Necessity of volatile array write while in synchronized block

Question

Question concerning the JMM and the semantics concerning volatile fields that are written to in a synchronized block, but read un-synchronized.

In an initial version of the below code, I was not synchronizing access since it was unnecessary for earlier requirements (and abusing a self assignment this.cache = this.cache ensured volatile write semantics). Certain requirements have changed, necessitating synchronization to ensure that duplicate updates are not sent out. The question I have is does the synchronization block preclude requiring the self assignment of the volatile field?

  // Cache of byte[] data by row and column.
  private volatile byte[][][] cache;

  public byte[] getData(int row, int col)
  {
    return cache[row][col];
  }

  public void updateData(int row, int col, byte[] data)
  {
    synchronized(cache)
    {
      if (!Arrays.equals(data,cache[row][col]))
      {
        cache[row][col] = data;

        // Volatile write.
        // The below line is intentional to ensure a volatile write is
        // made to the array, since access via getData is unsynchronized.
        this.cache = this.cache;

        // Notification code removed
        // (mentioning it since it is the reason for synchronizing).
      }
    }
  }

Without synchronization, I believe that the self assignment volatile write is technically necessary (although the IDE flags it as having no effect). With the synchronized block, I think it is still necessary (since the read is unsynchronized), but I just want to confirm since it looks ridiculous in the code if it is not actually required. I am not sure if there are any guarantees that I am unaware of between the end of a synchronized block and a volatile read.

Answer 1

Yes, you still need the volatile write, according to Java Memory Model. There is no synchronization order from unlocking cache to a subsequent volatile read of cache: unlock -> volatileRead does not guarantee visibility. You need either unlock -> lock or volatileWrite -> volatileRead.

However, real JVMs have much stronger memory guarantees. Usually unlock and volatileWrite have the same memory effect (even if they are on different variables); same as lock and volatileRead.

So we have a dilemma here.

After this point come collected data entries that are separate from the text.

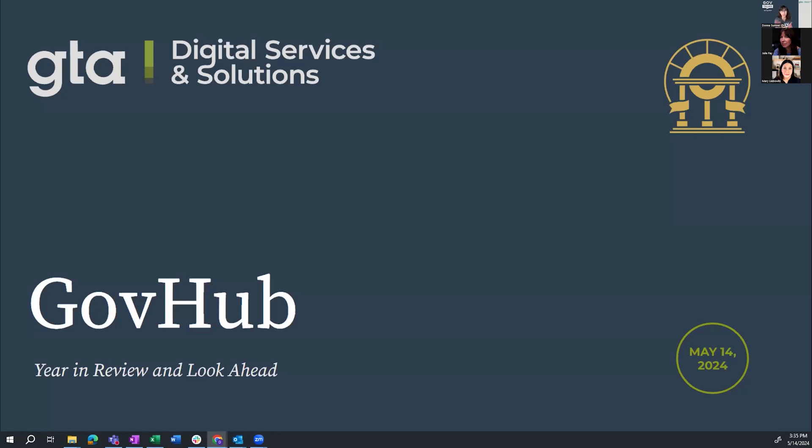We are excited to bring you some updates about GovHub, which is really the tie that binds us. Everybody in the room, or most of us anyway, are users of GovHub at some level. We're really happy to report on some of our big happenings over the past year, and also take a look into the next fiscal year — the roadmap and what you can expect from GovHub and our team.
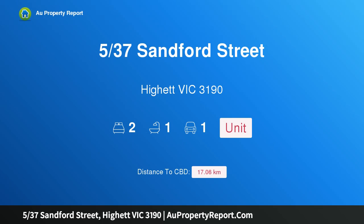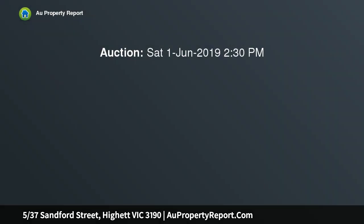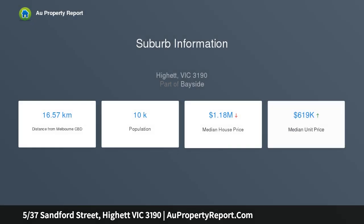Introducing property 5/37 Sandford Street, Highett Victoria 3190 — a two-bedroom parkside retreat awash with natural light and offering an array of outstanding living spaces not often found in apartments. This two-bedroom residence, only minutes from Southland Shopping Centre and Highett Station, provides a quaint parkside lifestyle on the edge of Highett Reserve.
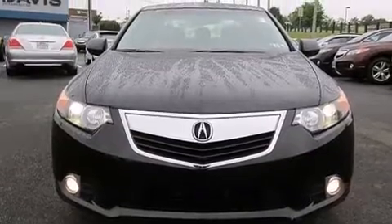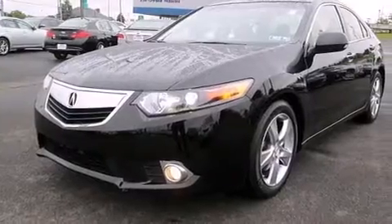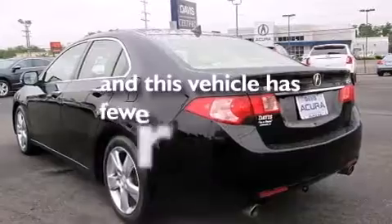Also included are 12-volt power outlets, front multi-stage airbags, latch-ready child seat anchors, air conditioning with automatic climate control, and this vehicle has less than 25,000 miles.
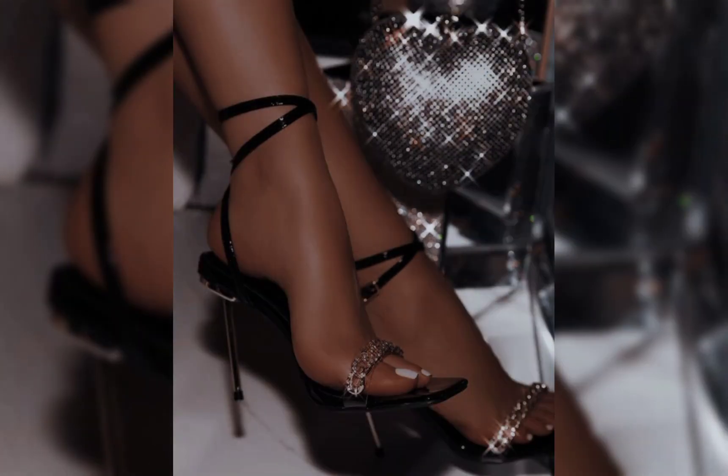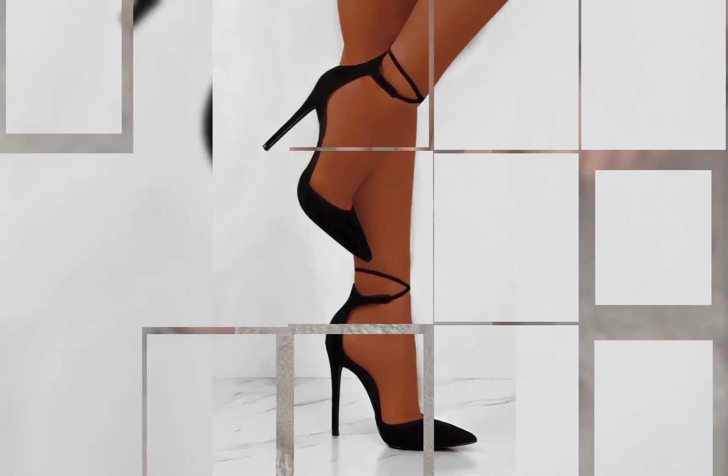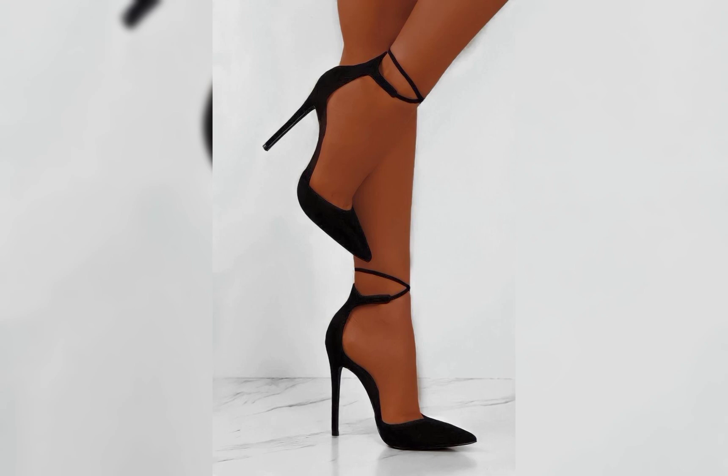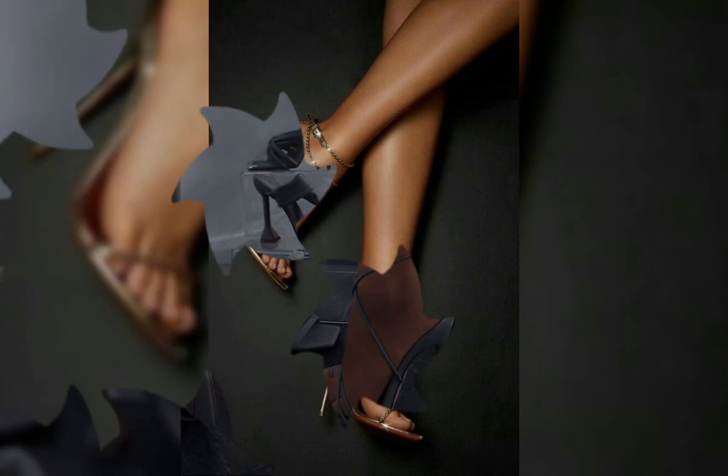They come in so many different colors and materials. Let's talk about stiletto high heel sandals — they are the epitome of elegance and glamour. With their slender high heels and delicate straps, they add a touch of sophistication to any dressy outfit.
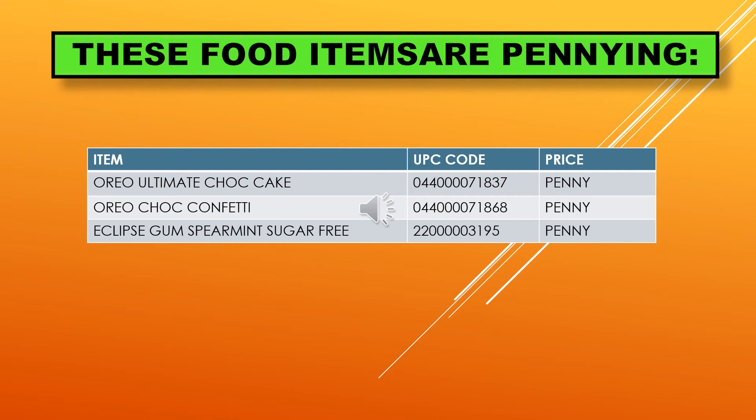An extension of the penny list for June 21st also includes these food items: Oreo Ultimate Chocolate Cake and Oreo Chocolate Confetti. We also have Eclipse Gum Spearmint Sugar-Free.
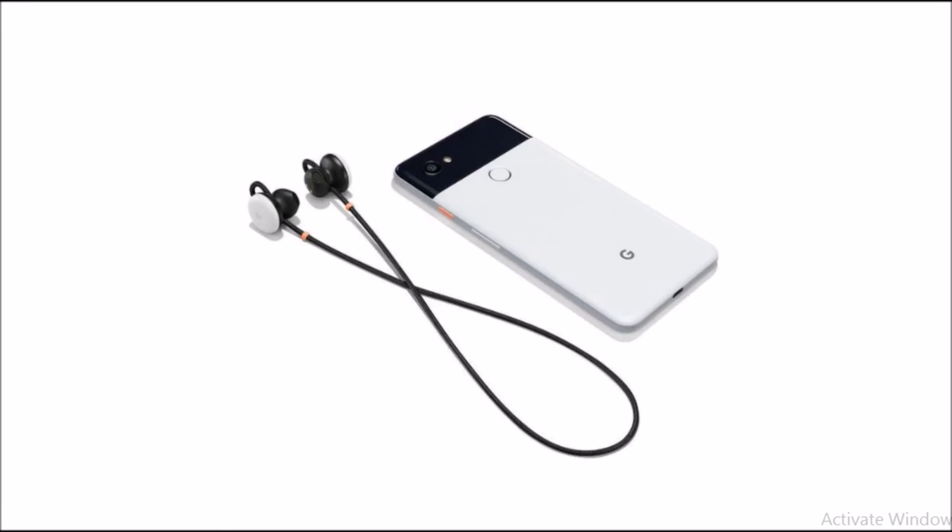The Pixel Buds will use Google Translate to comprehend conversations in over 40 different languages. This is a unique feature that only a company like Google could integrate into wireless earbuds, thanks to the existing Google Translate infrastructure which has been around for a while.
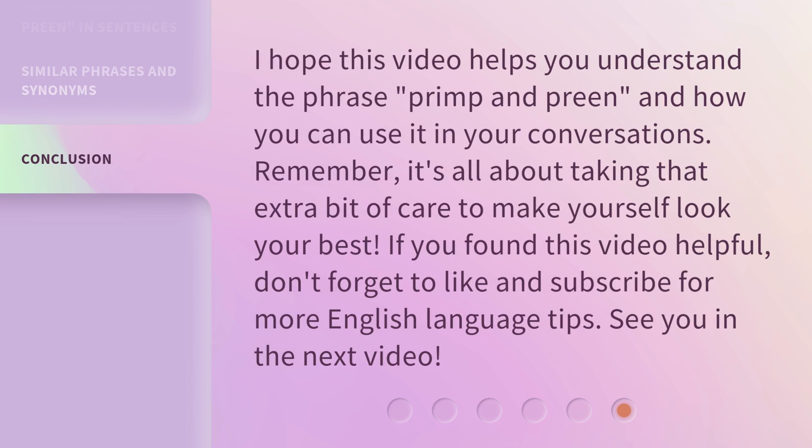I hope this video helps you understand the phrase primp and preen and how you can use it in your conversations. Remember, it's all about taking that extra bit of care to make yourself look your best. If you found this video helpful, don't forget to like and subscribe for more English language tips. See you in the next video.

The typical recommendation is that you should strictly follow the spec. Unless you have very broad knowledge of the matter. For example, a JDK code may employ some tricks that are not theoretically correct; but the code is targeting a specific JVM and the author is an expert.

The relative overhead of the extra volatile write doesn't seem to be that big anyway.

Your code is correct and efficient; however it's outside of typical patterns; I would tweak it a little bit like:

  private final    byte[][][] cacheF = new ...;  // dimensions fixed?
  private volatile byte[][][] cacheV = cacheF;

  public byte[] getData(int row, int col)
  {
    return cacheV[row][col];
  }

  public void updateData(int row, int col, byte[] data)
  {
    synchronized(cacheF)
    {
      if (!Arrays.equals(data,cacheF[row][col]))
      {
        cacheF[row][col] = data;

        cacheV = cacheF; 
      }
    }
  }

Answer 2

An index write to a volatile array actually has no memory effects. That is, if you have already instantiated the array, having the field declared as volatile won't give you the memory semantics your looking for when assigning to elements within the array.

In other words

private volatile byte[][]cache = ...;
cache[row][col] = data;

Has the same memory semantics as

private final byte[][]cache = ...;
cache[row][col] = data;

Because of this you must synchronize on all reads and writes to the array. And when I say 'same memory semantics' I mean there is no guarantee that threads will read the most up to date value of cache[row][col]